The dataset is initially divided into a 34-week subset for training and a 1-week subset for testing.

At each time step, the size of training weeks increases by 1 and the test week has a 1-week shift towards the end of November

In [None]:
training_size = 30 # week
testing_size = 1 # week
num_counties = 3103
time_steps = 14

## 3. Generate PIs for one-week (7-day) prediction horizon

In [None]:
counties_sgb_interval_7 = counties_shp.copy()

In [None]:
train_r2 = dict()
train_rmse = dict()
train_mae = dict()
test_rmse = dict()
test_mae = dict()
tuned_params_sgb_7 = dict()
tuned_params_sgb_lower_7 = dict()
tuned_params_sgb_upper_7 = dict()

models=['safegraph', 'facebook']
features = [safegraph_features, facebook_features]

gb_params = dict(learning_rate=np.arange(0.05,0.3,0.05), 
                     n_estimators=np.arange(100,1000,100), 
                     subsample = np.arange(0.1,0.9,0.05),
                     max_depth=[int(i) for i in np.arange(1,10,1)],
                     max_features = ['sqrt', 'log2']) 

for i in range(time_steps):
    
    training_df = covid_df.iloc[:(i+training_size)*num_counties,:]
    testing_df = covid_df.iloc[(i+training_size)*num_counties:(i+training_size+testing_size)*num_counties,:]

    for model,feature in zip(models, features):
    
        X_train = training_df[feature]
        y_train = training_df['LOG_DELTA_INC_RATE_T']
        X_test = testing_df[feature]
        y_test = testing_df['LOG_DELTA_INC_RATE_T'] 

        #scaling X
        scaler = MinMaxScaler()
        X_train = scaler.fit_transform(X_train)
        X_test = scaler.transform(X_test)


        #cross validation
        sgb_regressor_point = GradientBoostingRegressor(random_state=7)

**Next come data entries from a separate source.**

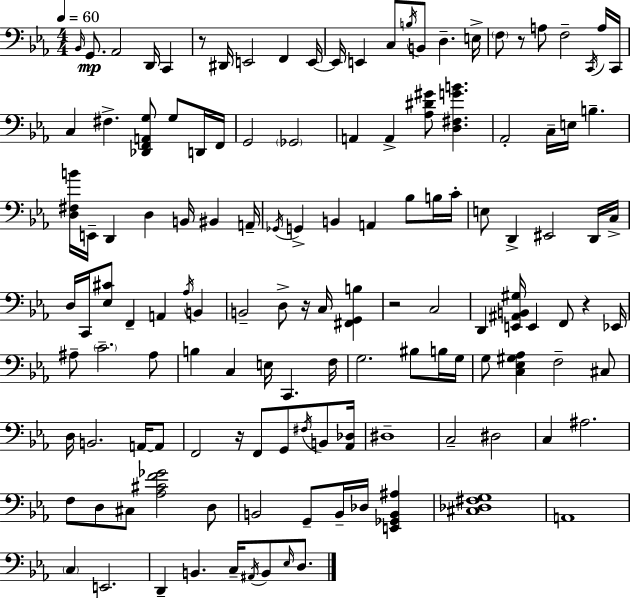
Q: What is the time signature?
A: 4/4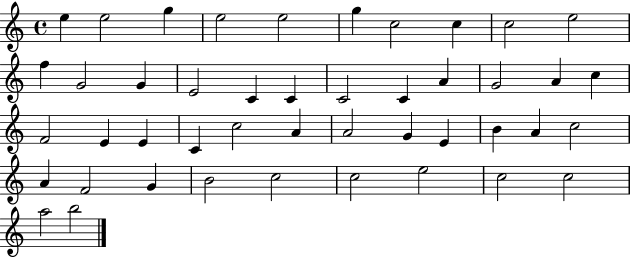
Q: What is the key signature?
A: C major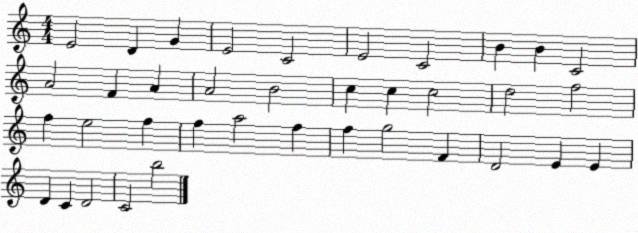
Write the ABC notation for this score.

X:1
T:Untitled
M:4/4
L:1/4
K:C
E2 D G E2 C2 E2 C2 B B C2 A2 F A A2 B2 c c c2 d2 f2 f e2 f f a2 f f g2 F D2 E E D C D2 C2 b2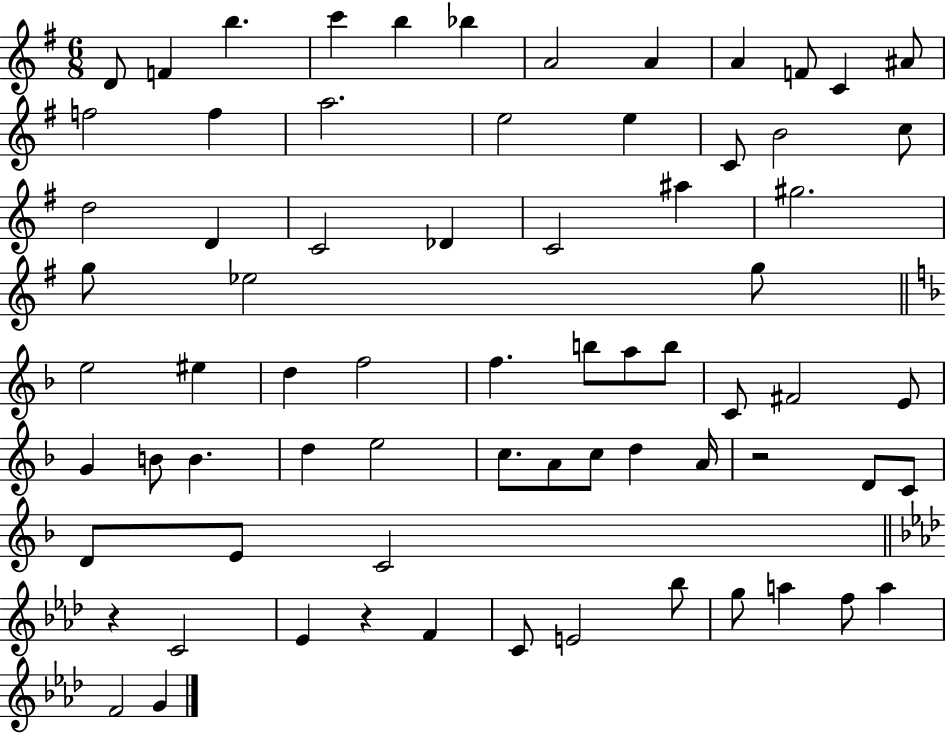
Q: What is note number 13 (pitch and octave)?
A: F5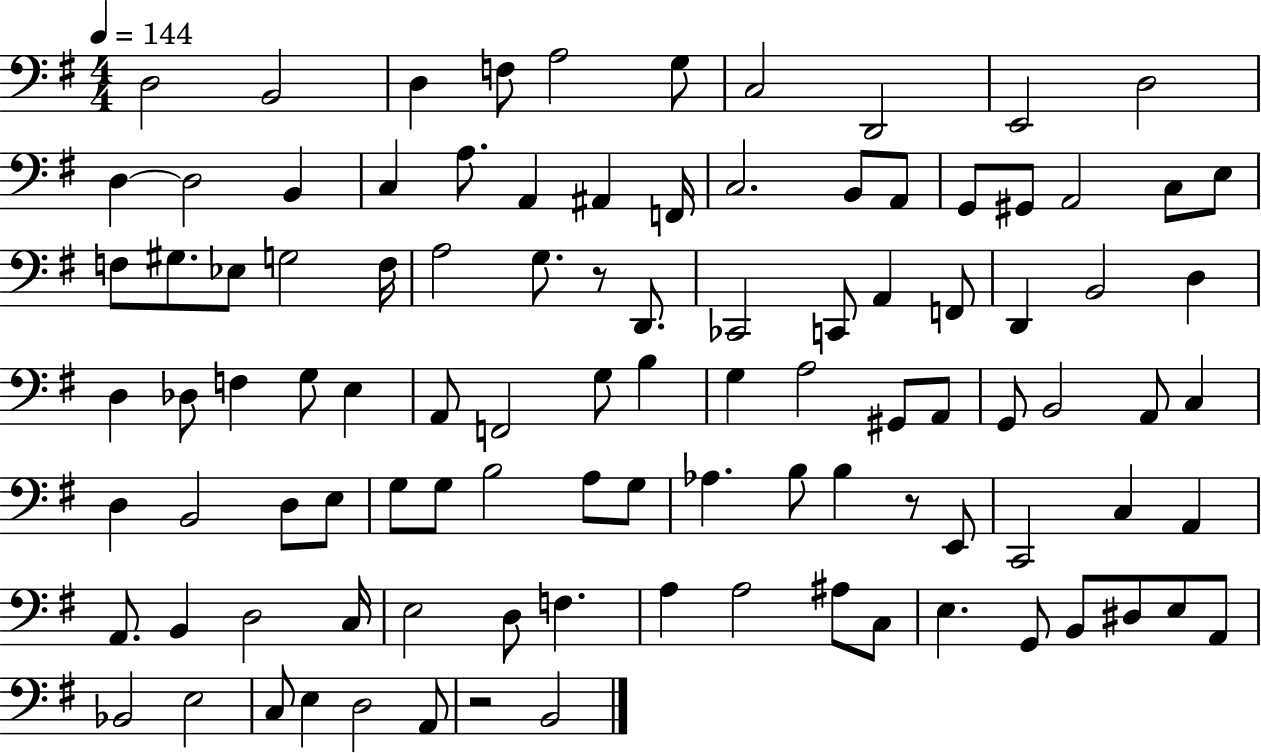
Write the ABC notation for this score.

X:1
T:Untitled
M:4/4
L:1/4
K:G
D,2 B,,2 D, F,/2 A,2 G,/2 C,2 D,,2 E,,2 D,2 D, D,2 B,, C, A,/2 A,, ^A,, F,,/4 C,2 B,,/2 A,,/2 G,,/2 ^G,,/2 A,,2 C,/2 E,/2 F,/2 ^G,/2 _E,/2 G,2 F,/4 A,2 G,/2 z/2 D,,/2 _C,,2 C,,/2 A,, F,,/2 D,, B,,2 D, D, _D,/2 F, G,/2 E, A,,/2 F,,2 G,/2 B, G, A,2 ^G,,/2 A,,/2 G,,/2 B,,2 A,,/2 C, D, B,,2 D,/2 E,/2 G,/2 G,/2 B,2 A,/2 G,/2 _A, B,/2 B, z/2 E,,/2 C,,2 C, A,, A,,/2 B,, D,2 C,/4 E,2 D,/2 F, A, A,2 ^A,/2 C,/2 E, G,,/2 B,,/2 ^D,/2 E,/2 A,,/2 _B,,2 E,2 C,/2 E, D,2 A,,/2 z2 B,,2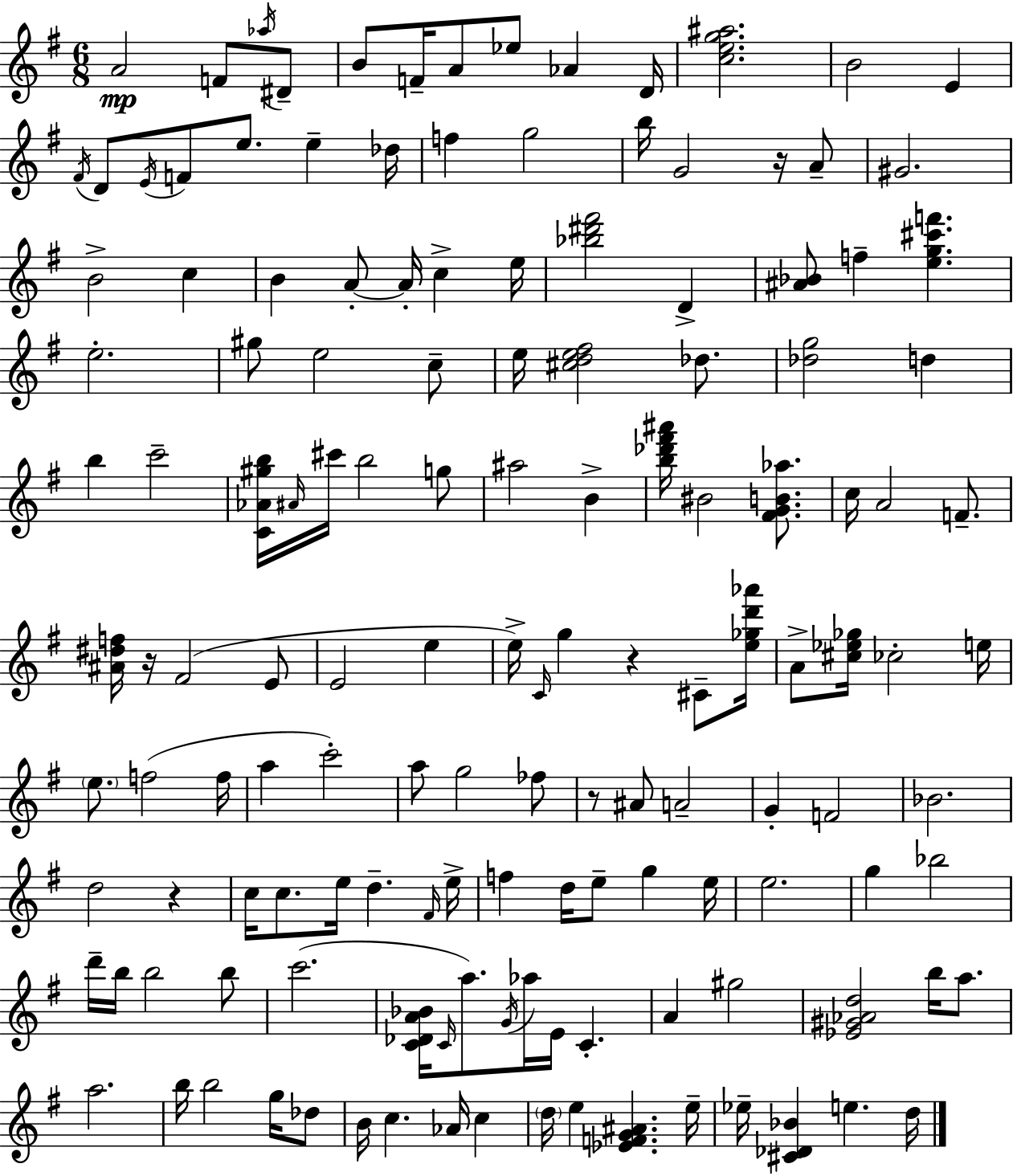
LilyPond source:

{
  \clef treble
  \numericTimeSignature
  \time 6/8
  \key e \minor
  a'2\mp f'8 \acciaccatura { aes''16 } dis'8-- | b'8 f'16-- a'8 ees''8 aes'4 | d'16 <c'' e'' g'' ais''>2. | b'2 e'4 | \break \acciaccatura { fis'16 } d'8 \acciaccatura { e'16 } f'8 e''8. e''4-- | des''16 f''4 g''2 | b''16 g'2 | r16 a'8-- gis'2. | \break b'2-> c''4 | b'4 a'8-.~~ a'16-. c''4-> | e''16 <bes'' dis''' fis'''>2 d'4-> | <ais' bes'>8 f''4-- <e'' g'' cis''' f'''>4. | \break e''2.-. | gis''8 e''2 | c''8-- e''16 <cis'' d'' e'' fis''>2 | des''8. <des'' g''>2 d''4 | \break b''4 c'''2-- | <c' aes' gis'' b''>16 \grace { ais'16 } cis'''16 b''2 | g''8 ais''2 | b'4-> <b'' des''' fis''' ais'''>16 bis'2 | \break <fis' g' b' aes''>8. c''16 a'2 | f'8.-- <ais' dis'' f''>16 r16 fis'2( | e'8 e'2 | e''4 e''16->) \grace { c'16 } g''4 r4 | \break cis'8-- <e'' ges'' d''' aes'''>16 a'8-> <cis'' ees'' ges''>16 ces''2-. | e''16 \parenthesize e''8. f''2( | f''16 a''4 c'''2-.) | a''8 g''2 | \break fes''8 r8 ais'8 a'2-- | g'4-. f'2 | bes'2. | d''2 | \break r4 c''16 c''8. e''16 d''4.-- | \grace { fis'16 } e''16-> f''4 d''16 e''8-- | g''4 e''16 e''2. | g''4 bes''2 | \break d'''16-- b''16 b''2 | b''8 c'''2.( | <c' des' a' bes'>16 \grace { c'16 }) a''8. \acciaccatura { g'16 } | aes''16 e'16 c'4.-. a'4 | \break gis''2 <ees' gis' aes' d''>2 | b''16 a''8. a''2. | b''16 b''2 | g''16 des''8 b'16 c''4. | \break aes'16 c''4 \parenthesize d''16 e''4 | <ees' f' g' ais'>4. e''16-- ees''16-- <cis' des' bes'>4 | e''4. d''16 \bar "|."
}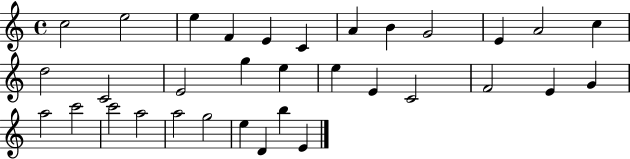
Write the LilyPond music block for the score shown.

{
  \clef treble
  \time 4/4
  \defaultTimeSignature
  \key c \major
  c''2 e''2 | e''4 f'4 e'4 c'4 | a'4 b'4 g'2 | e'4 a'2 c''4 | \break d''2 c'2 | e'2 g''4 e''4 | e''4 e'4 c'2 | f'2 e'4 g'4 | \break a''2 c'''2 | c'''2 a''2 | a''2 g''2 | e''4 d'4 b''4 e'4 | \break \bar "|."
}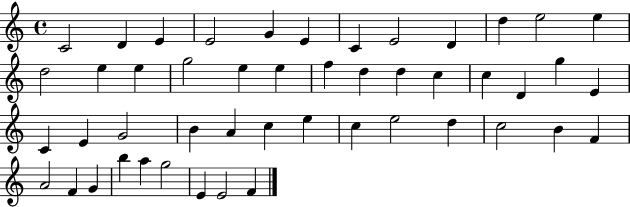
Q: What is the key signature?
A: C major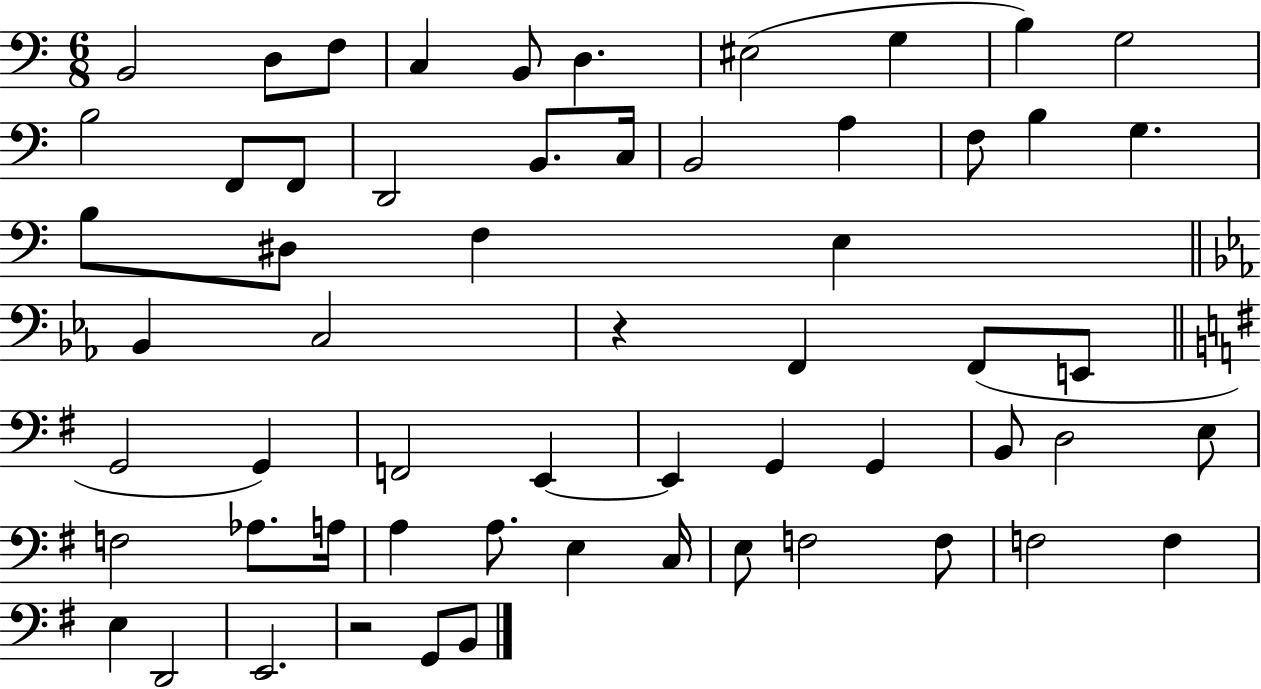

        sgb_cv = RandomizedSearchCV(sgb_regressor_point, gb_params, random_state=7, 
                                    scoring='neg_root_mean_squared_error', n_jobs=-1)
        
        sgb_optimized = sgb_cv.fit(X_train, y_train)
        best_sgb = sgb_optimized.best_estimator_
        tuned_params_sgb_7[model, i] = sgb_optimized.best_params_
        
        
        # model evaluation for training set
        train_r2_sgb = round(best_sgb.score(X_train, y_train),2)
        train_r2[model, i] = train_r2_sgb

        y_train_predicted_sgb = best_sgb.predict(X_train)
        rmse_train_sgb = (np.sqrt(mean_squared_error(y_train, y_train_predicted_sgb)))
        train_rmse[model, i] = rmse_train_sgb
        train_mae[model, i] =  mean_absolute_error(y_train, y_train_predicted_sgb)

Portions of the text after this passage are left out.